According to paragraph 4,
The diseases include arthritis, rheumatoid arthritis, chronic inflammation, osteoarthritis, diabetic retinopathy, retinopathy of prematurity, neovascular glaucoma, corneal disease caused by neovascularization, macular degeneration, spot degeneration, Pharmacology, characterized in that it is any one disease selected from the group consisting of pterygium, retinal degeneration, erythroderma, proliferative retinopathy, retrophakic fibroplasia, granular conjunctivitis, psoriasis, telangiectasia, psoriasis, seborrheic dermatitis, and acne. enemy composition.
According to paragraph 1,
A pharmaceutical composition, characterized in that the composition further comprises an angiogenesis inhibitor.

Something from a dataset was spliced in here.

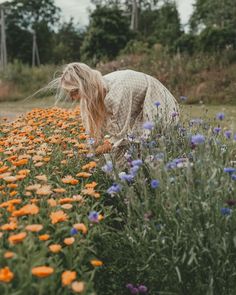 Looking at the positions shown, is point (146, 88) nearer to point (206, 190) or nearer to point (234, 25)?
point (206, 190)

An anticancer adjuvant containing steppogenin or a pharmaceutically acceptable salt thereof as an active ingredient, characterized in that it is capable of inhibiting angiogenesis.
In clause 7,
The stepogenin is an anti-cancer adjuvant, characterized in that it inhibits the expression of the DLL4 gene or reduces the level of the protein expressed by the DLL4 gene.
In clause 7,
An anticancer adjuvant, characterized in that the anticancer adjuvant can be administered simultaneously or sequentially with an anticancer agent.
In clause 7,
The anticancer adjuvant is characterized in that the anticancer adjuvant is administered in combination with an anticancer agent.
A health functional food composition for preventing and improving angiogenesis-related diseases, comprising steppogenin or a foodologically acceptable salt thereof as an active ingredient.